No fue fácil ese paso de la dictadura a la democracia, a pesar de la benevolencia con que es valorado el período de Transición que se tuvo que recorrer para transformar las estructuras políticas de un régimen hecho a medida y gloria del dictador hasta hacerlas encajar en una democracia equiparable a las de nuestro entorno, sin acometer una ruptura radical sino una mera pero solvente reforma de la “democracia orgánica” del franquismo. Desde la perspectiva actual, existe unanimidad en reconocer como artífice de aquel “milagro” al expresidente Adolfo Suárez, un político proveniente de la dictadura, en la que llegó a ser Secretario General del Movimiento, que supo conducir su propia evolución ideológica en consonancia con el devenir político que propició la muerte -en su cama- del dictador y el sentir democrático, ya imposible de contener, de la sociedad. Fruto de su habilidad para negociar y conseguir acuerdos -como los famosos Pactos de la Moncloa, uno de los hitos más importantes de la Transición-, se logró reunir el consenso necesario entre las principales fuerzas parlamentarias –algunas de ellas enemistadas visceralmente entre sí, como el franquismo y el comunismo- para elaborar la Constitución de 1978, “la primera pactada y no impuesta a la nación por el grupo dominante”, según descripción del historiador Fernando García de Cortázar.
Pero, por encima de todo, declara a España como Estado Social y Democrático de Derecho, primando la supremacía de los intereses sociales, la cohesión social y la igualdad de oportunidades, mediante el reconocimiento de los derechos a la educación, la sanidad, la vivienda y las libertades individuales, sobre un sistema de economía basado exclusivamente en las leyes de la oferta y la demanda, que caracteriza a un estado liberal. Y posibilitando la consolidación de un Estado de Derecho, garantista de los derechos que reconoce, y no uno de simples leyes “sin alma”.

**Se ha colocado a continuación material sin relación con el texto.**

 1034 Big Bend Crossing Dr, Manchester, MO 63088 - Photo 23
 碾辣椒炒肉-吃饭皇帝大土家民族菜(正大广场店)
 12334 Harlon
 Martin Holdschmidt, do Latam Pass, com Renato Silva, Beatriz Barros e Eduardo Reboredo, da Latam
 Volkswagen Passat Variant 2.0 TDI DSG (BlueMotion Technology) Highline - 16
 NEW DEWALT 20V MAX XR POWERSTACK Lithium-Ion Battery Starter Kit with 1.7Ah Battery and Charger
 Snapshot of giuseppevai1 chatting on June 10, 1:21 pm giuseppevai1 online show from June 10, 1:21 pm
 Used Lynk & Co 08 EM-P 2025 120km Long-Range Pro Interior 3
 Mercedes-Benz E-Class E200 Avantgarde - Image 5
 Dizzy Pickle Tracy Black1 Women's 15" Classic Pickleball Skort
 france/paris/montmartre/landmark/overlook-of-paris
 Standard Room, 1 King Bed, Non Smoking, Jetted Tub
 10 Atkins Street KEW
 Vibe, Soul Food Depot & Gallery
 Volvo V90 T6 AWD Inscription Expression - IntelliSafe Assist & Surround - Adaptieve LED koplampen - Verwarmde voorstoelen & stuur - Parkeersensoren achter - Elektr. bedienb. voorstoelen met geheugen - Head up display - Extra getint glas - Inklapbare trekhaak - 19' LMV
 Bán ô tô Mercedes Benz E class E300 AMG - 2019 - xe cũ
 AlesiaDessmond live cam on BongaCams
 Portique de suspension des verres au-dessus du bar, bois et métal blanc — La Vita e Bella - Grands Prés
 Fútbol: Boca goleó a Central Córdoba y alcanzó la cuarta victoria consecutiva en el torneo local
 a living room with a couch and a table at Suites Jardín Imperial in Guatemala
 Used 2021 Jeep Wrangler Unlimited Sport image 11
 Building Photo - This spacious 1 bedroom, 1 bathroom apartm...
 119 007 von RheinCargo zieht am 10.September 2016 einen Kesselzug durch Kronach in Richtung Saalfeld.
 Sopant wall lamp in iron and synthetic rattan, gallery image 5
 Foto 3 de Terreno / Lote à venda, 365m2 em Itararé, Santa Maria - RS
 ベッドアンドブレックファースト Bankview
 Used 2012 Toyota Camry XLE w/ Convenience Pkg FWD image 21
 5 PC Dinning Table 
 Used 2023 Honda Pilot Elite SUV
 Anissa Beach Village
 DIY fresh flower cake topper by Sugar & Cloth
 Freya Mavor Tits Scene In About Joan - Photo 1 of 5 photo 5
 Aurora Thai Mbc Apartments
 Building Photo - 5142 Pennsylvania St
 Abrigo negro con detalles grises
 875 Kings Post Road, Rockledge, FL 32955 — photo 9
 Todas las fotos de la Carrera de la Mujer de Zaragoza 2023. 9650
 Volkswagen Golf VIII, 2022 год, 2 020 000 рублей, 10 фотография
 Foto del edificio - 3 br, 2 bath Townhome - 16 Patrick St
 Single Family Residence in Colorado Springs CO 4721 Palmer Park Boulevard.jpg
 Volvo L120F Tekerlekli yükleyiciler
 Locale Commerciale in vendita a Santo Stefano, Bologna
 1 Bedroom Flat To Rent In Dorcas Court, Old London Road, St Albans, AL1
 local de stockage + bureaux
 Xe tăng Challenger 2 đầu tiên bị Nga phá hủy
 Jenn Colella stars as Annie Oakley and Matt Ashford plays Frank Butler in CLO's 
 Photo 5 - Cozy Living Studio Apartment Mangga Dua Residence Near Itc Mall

Pero la Constitución también adolece de elementos negativos que no pudo o no quiso abordar con la brillantez y clarividencia de los arriba destacados. Contiene asuntos mal o parcialmente resueltos (dejó sin desarrollar el Título VIII) y asignaturas pendientes que los ponentes de la Constitución dejaron para legisladores del futuro. Como cabía esperar, no contentó a todo el mundo e incluso en la actualidad existen voces y formaciones políticas que la designan peyorativamente como la del “régimen del 78”. Y es que, como toda obra humana, es susceptible de modificación y perfección para adecuarla a las nuevas exigencias que reclama una sociedad moderna y sin hipotecas con el pasado.
Con todo, y a pesar de sus insuficiencias, la Constitución Española de 1978 no merece una enmienda a la totalidad, aunque sí reformas puntuales que contribuyan a que la democracia que ella reconoce y garantiza sea de más alta calidad y profundice cada vez más en los hábitos de convivencia de los españoles y en el funcionamiento de las instituciones. Por eso, puestos a celebrar el 40 aniversario de la Constitución, la mejor forma de hacerlo no es con la añoranza que mitifica su génesis, sino con el compromiso de adecuarla a las demandas de una sociedad adulta y plural que exige perfeccionar su régimen de libertades y la democracia para que perduren mucho más tiempo que aquella horrenda dictadura. ¿O es mucho pedir?